觉醒了的小湖北,眼神明亮了之外有什么成长走向?
历经沧桑的羊拐、山东兵,完成了什么内在转变?
蓉姐(刘晓庆 饰)、何香凝(姚晨 饰)的短暂亮相,留下了什么值得课外学习的鸿爪雪泥?
我们很难穿透这些角色的表面,去感知人物更丰富的前史,去自动扣合中心叙事。他们稳稳当当驻守在表面,像瞭望塔的哨兵,坚定而单一。
这样看下来,稍嫌刻薄地说,这些人物塑造得最鲜活的部分,就是他们的名字。
不可否认的是,端午这个被当成主角对待的小人物,欧豪诠释得血性但不失细腻,总体完成度很高,这也是本片不多的几条有头有尾的完整故事线之一。
只不过对于这场意义非凡的战役来说,一个端午的人物弧光再漂亮,也还是太轻了,像一枚当量不足的炸弹,杀伤力有限。
当我们考察这一段历史,不难得出这样的结论:没有谢晋元,就没有八佰。谢晋元的中心主角地位,是容不得消解的。
可以说八佰能有人人必死的决心,能将四百多个人打成八百个人,也能将四百多个人当成一个人打。
最终力战四日夜,击退日军六次围攻,拿出毙敌200余、我军伤亡37人的战绩,没有谢晋元的领导人格魅力和高超的指挥作战能力,几乎办不成。
影片中塑造的谢晋元,大义凛然有余,大将坐于帐中的高屋建瓴气度,表现不足。
甚至在和面无表情两行清泪的汉奸扮相特派员(黄晓明 饰)交涉撤退事宜、冲桥战负伤桥头却摆起了pose盘桓不去两场戏,这个角色竟然被演出了一种无能感和一脸的败相。

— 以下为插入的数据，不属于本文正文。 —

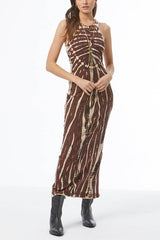 YFB Iggy Maxi Dress in Sepia - Viva Diva Boutique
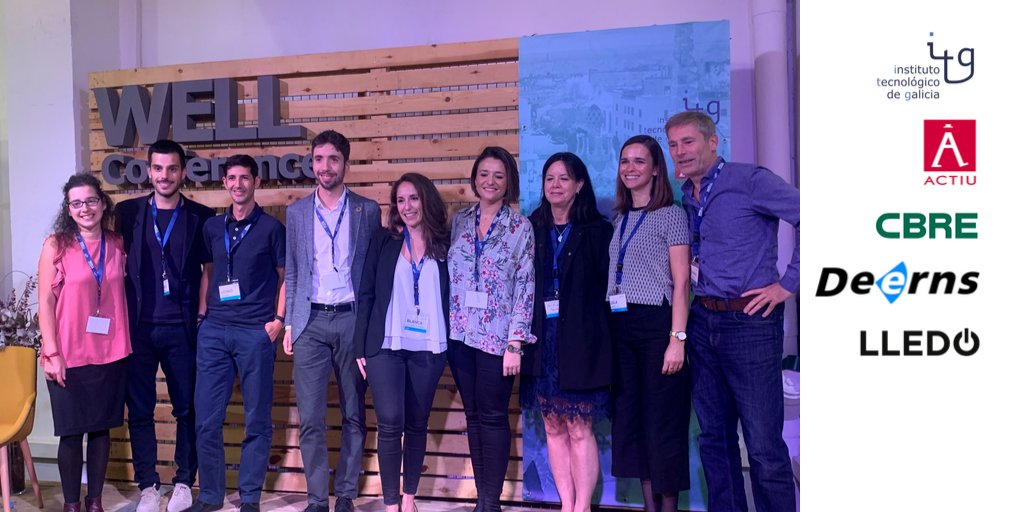 grupolledo's tweet image. Turno de Blanca Cañadas Moreno en la #WELLConference que celebramos hoy en el @Valkiriahub de #Barcelona para explicar cómo de importante es la salud y el bienestar en los edificios - @itgwell @IWBI - #wellbeing #wearewell #wellspain #feelthelight #lledóiluminación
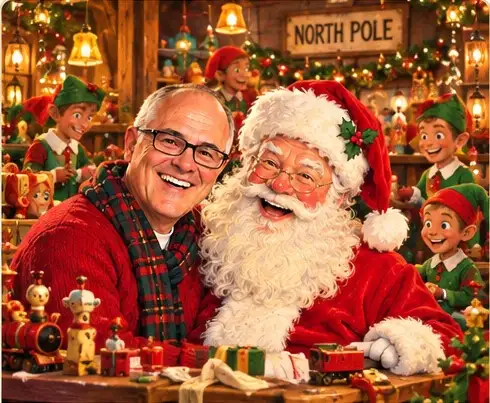 Santa's North Pole workshop example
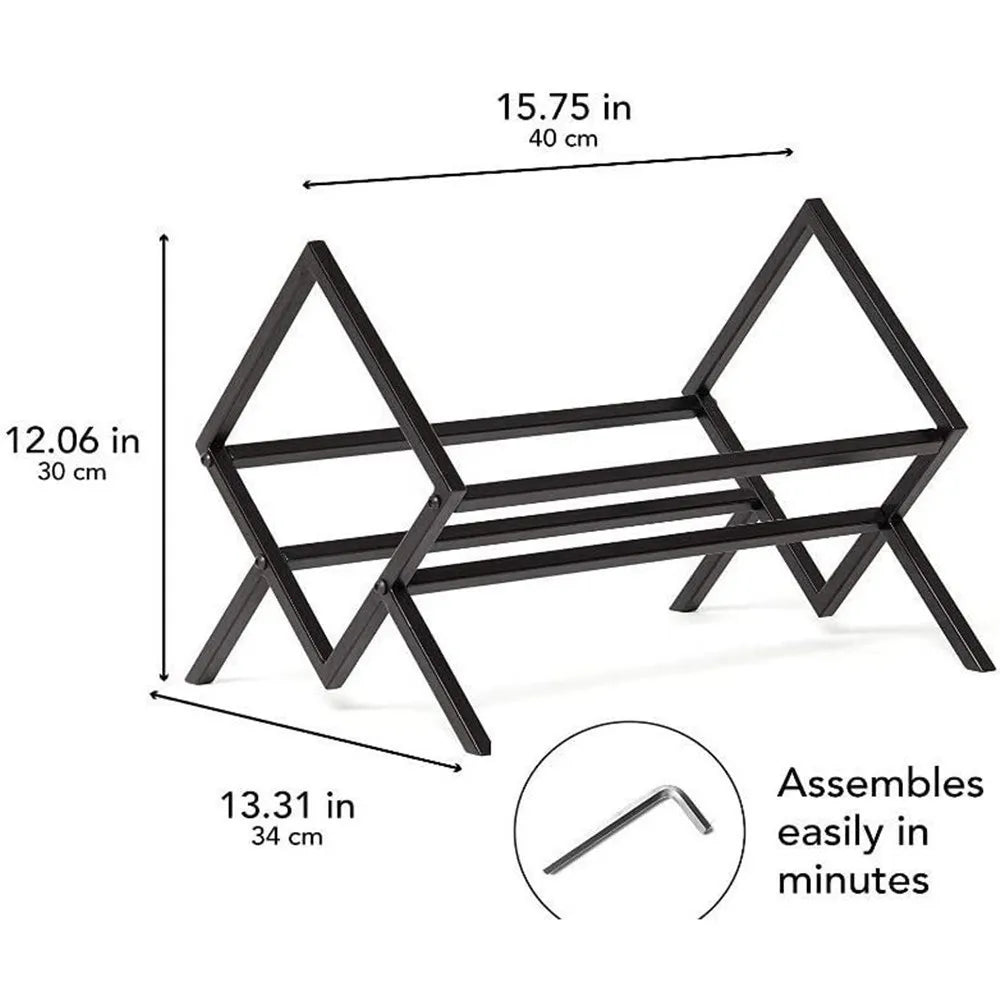Matte Black "Archive" Vinyl Cradle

这么一演,谢晋元的英雄形象的确是弱化了,而八佰之魂也无怪乎寻觅不得。
如此一来,用一众小人物的故事,以小见大托起舞台后的舞台、战场外的战场的美好初衷,终究没能聚积成一柱精魂。
单从人物塑造上看,他们没有丢掉进入四行仓库前的身份:他们是盲流,农民,逃兵,他们是一盘散沙。
03
吊诡的是,影片一面着力对人物做去英雄化处理,一面又竭力渲染英雄行为。
前面提到的前赴后继自杀袭击戏,是这方面的典型。
它对准观众心中最柔软的角落,施以一排火力又密又急的连续炮击,没有人能扛得住,纷纷倒下。
还有垃圾桥上接力送电话线这场戏。
我们没想到日军也充分配合,桥上一个人,暗中一杆枪。跑一下打一枪,还不搞你一步都迈不开的密集轰炸。仿佛默默遵守了什么游戏规则。
假如这根电话线十分重要,日军完全可以炸断垃圾桥;
假如没那么重要但就是不想让你达到目的,那这种游戏感下的残酷性,是不是还有再设计的空间?
这些英雄行为出现一次,观众便心碎一次。
但它们始终是没有附着和积聚的,于是英雄行为和观众反应之间的碰撞,十分激烈,也十分短暂,没有打磨成内嵌到整个叙事链条的关节部分。
观众会形成不自觉的期待——
你期待那些镜头追随的主要人物,也会做出某种震撼效应的英雄行为,将前面冲击出的情感支流,汇入一条更为广阔的高潮汹涌的洪流。
但这样的期待,由于弱化英雄人物和强化英雄行为的割裂处理,显然无法兑现。
这种观影期待无处附着的体验,持续了一整部电影,到最后一场冲桥撤退战,几乎到了最撕裂的地步。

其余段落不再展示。